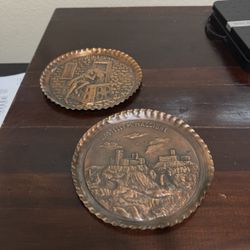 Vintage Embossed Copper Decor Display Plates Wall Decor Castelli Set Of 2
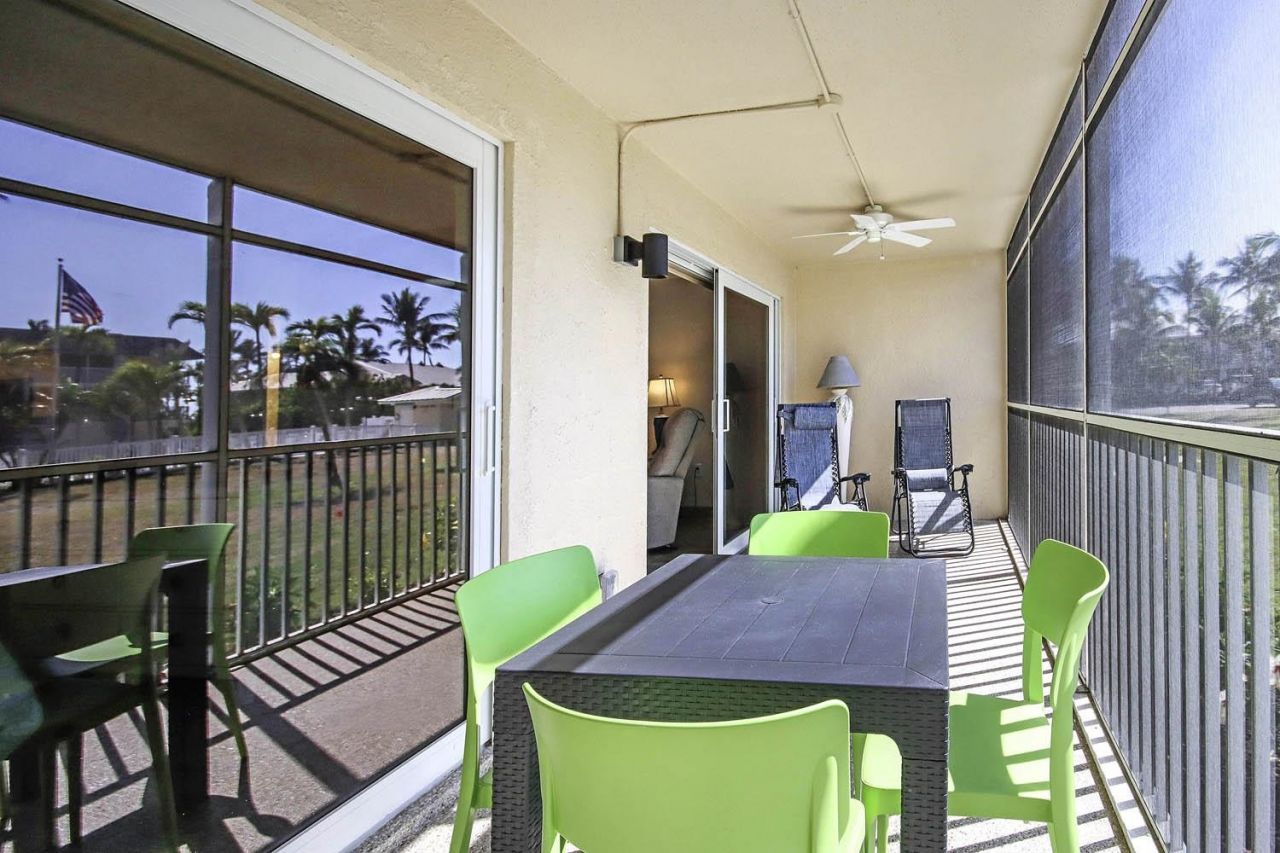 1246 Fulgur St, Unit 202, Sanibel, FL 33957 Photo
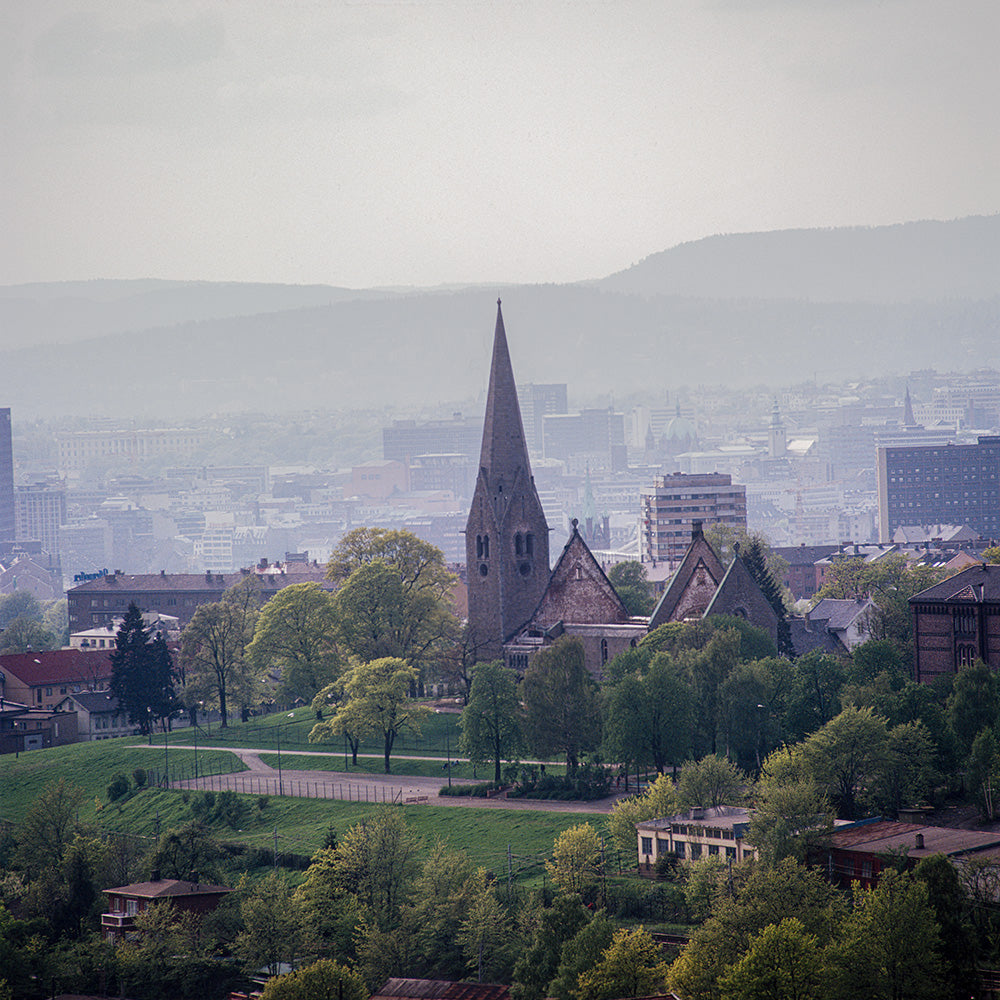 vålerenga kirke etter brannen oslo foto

• • • •

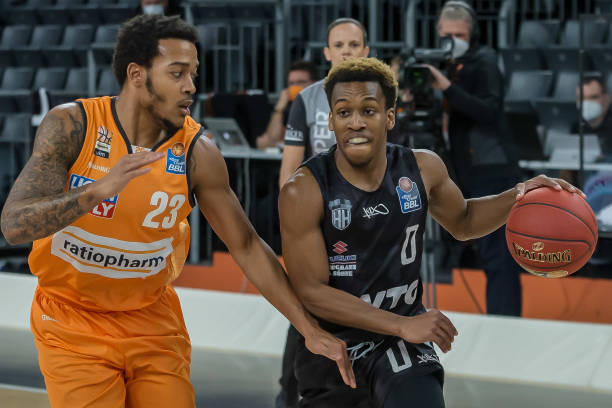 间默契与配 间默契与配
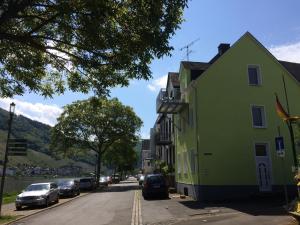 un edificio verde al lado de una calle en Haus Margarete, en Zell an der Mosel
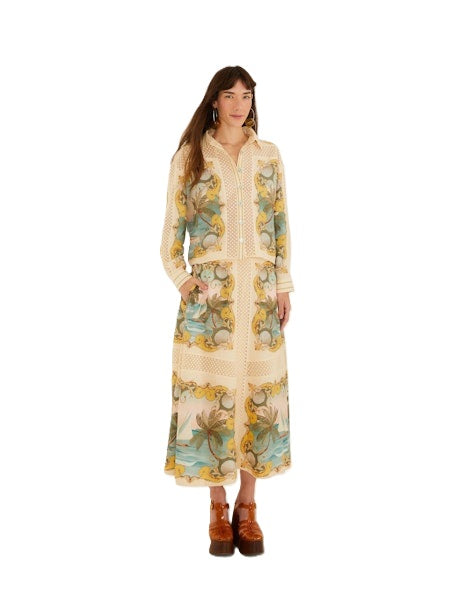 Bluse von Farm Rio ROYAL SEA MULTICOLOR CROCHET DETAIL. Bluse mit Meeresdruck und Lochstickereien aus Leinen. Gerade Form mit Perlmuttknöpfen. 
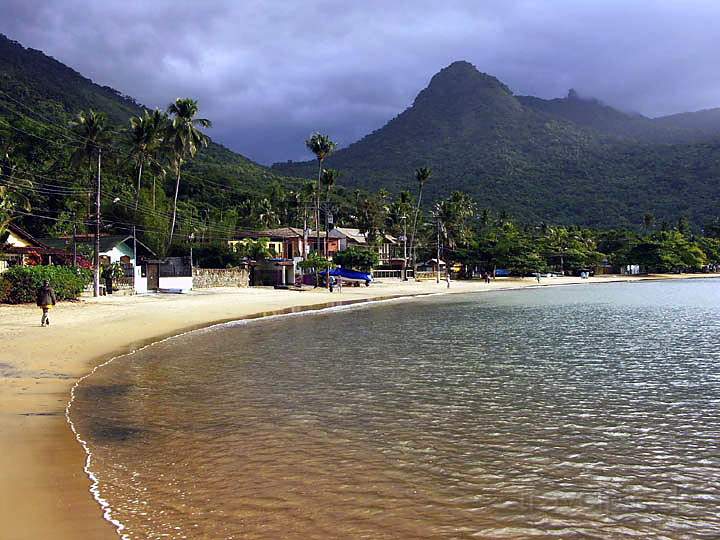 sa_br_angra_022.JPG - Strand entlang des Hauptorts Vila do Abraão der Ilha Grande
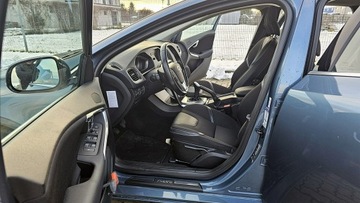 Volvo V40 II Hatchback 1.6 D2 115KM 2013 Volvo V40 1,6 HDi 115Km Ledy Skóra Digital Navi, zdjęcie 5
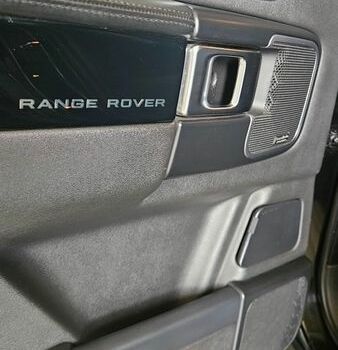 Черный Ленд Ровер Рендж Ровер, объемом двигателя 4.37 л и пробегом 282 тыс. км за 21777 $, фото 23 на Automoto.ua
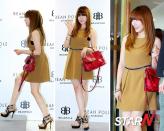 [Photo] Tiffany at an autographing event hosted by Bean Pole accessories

• • • •

What needs to be done:
A word-for-word reproduction is needed of the lines above from the line containing "Черный Ленд Ровер" through the line containing "[Photo] Tiffany at", with both ends kept and no pictures.

Response to the task:
 Черный Ленд Ровер Рендж Ровер, объемом двигателя 4.37 л и пробегом 282 тыс. км за 21777 $, фото 23 на Automoto.ua
 [Photo] Tiffany at an autographing event hosted by Bean Pole accessories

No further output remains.